BEGIN Available records
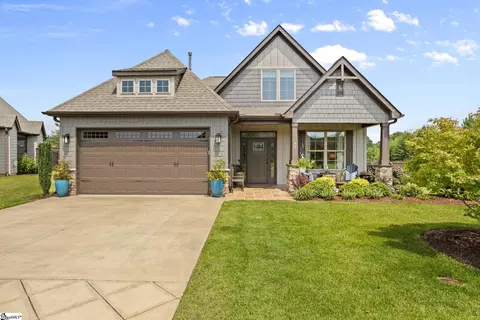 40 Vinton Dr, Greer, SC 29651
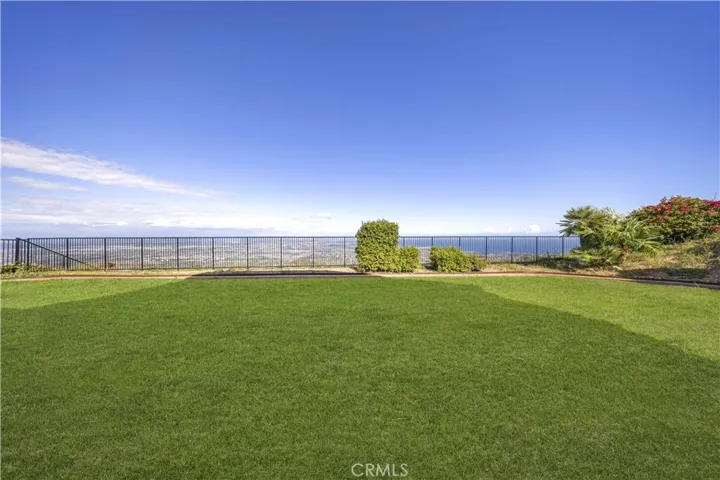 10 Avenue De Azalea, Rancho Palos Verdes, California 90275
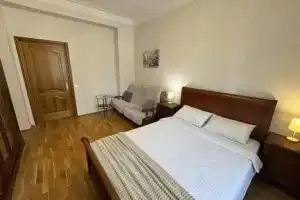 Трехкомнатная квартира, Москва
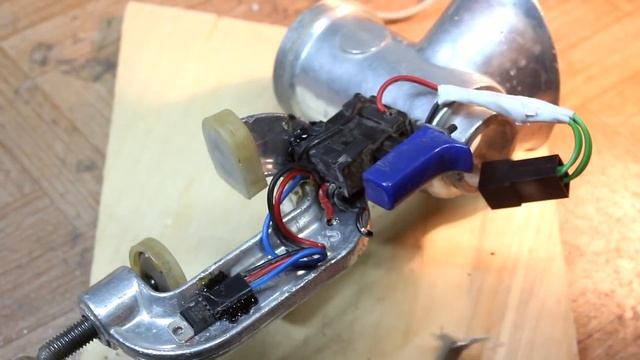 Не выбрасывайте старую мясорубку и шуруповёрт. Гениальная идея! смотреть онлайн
END Available records
BEGIN Available records
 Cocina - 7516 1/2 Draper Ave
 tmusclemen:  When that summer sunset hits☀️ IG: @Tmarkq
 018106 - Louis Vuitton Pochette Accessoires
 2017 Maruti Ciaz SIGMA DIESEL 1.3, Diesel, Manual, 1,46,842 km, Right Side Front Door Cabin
END Available records
▶ _Instructions to follow_
Set down, exactly as they stand above, the lines starting with the line with "018106 - Louis Vuitton Pochette Accessoires" and going on through the line with "2017 Maruti Ciaz", and no others.

▶ _Finished task_
 018106 - Louis Vuitton Pochette Accessoires
 2017 Maruti Ciaz SIGMA DIESEL 1.3, Diesel, Manual, 1,46,842 km, Right Side Front Door Cabin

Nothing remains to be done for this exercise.